I am using SparkNLP from johnsnowlabs for extracting embeddings from my textual data, below is the pipeline. The size of the model is 1.8g after saving to hdfs
embeddings = BertSentenceEmbeddings.pretrained("labse", "xx") \
.setInputCols("sentence") \
.setOutputCol("sentence_embeddings")
nlp_pipeline = Pipeline(stages=[document_assembler, sentence_detector, embeddings])
pipeline_model = nlp_pipeline.fit(spark.createDataFrame([[""]]).toDF("text"))

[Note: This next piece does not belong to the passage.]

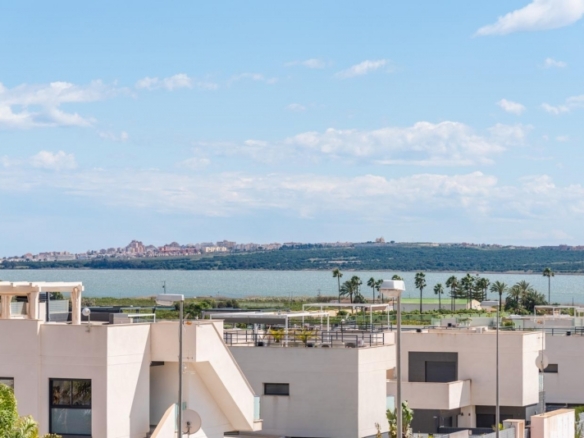 Villa a la venta con piscina privada en Ciudad Quesada-Rojales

I saved the pipeline_model
into HDFS
using pipeline_model.save("hdfs:///<path>")
.
The above was executed only one time
In another script, i am loading the stored pipeline from HDFS
using pipeline_model = PretrainedPipeline.from_disk("hdfs:///<path>")
.
The above code loads the model but takes too much. I tested it on the spark local model ( no cluster ) but i had high resource 94g RAM, 32 Cores.
Later, i deployed the script on yarn with 12 Executor each with 3 cores and 7g ram. I assigned driver memory of 10g.
The script again takes too much time just to load the saved model from HDFS.
When the spark reaches at this point (see above screenshot), it takes too much time
I thought of an approach
Preloading
The approach which i thought was to somehow pre-load model one time into memory, and when the script wants to apply transformation on dataframe, i can somehow call the reference to the pretrained pipeline and use it on the go, without doing any disk i/o. I searched but i it lead to nowhere.
Please, do let me know what you think of this solution and what would be the best way to achieve this.
Resources on YARN
NodeName | Count | RAM (each) | Cores (each) |
---|---|---|---|
Master Node | 1 | 38g | 8 |
Secondary Node | 1 | 38 g | 8 |
Worker Nodes | 4 | 24 g | 4 |
Total | 6 | 172g | 32 |
Thanks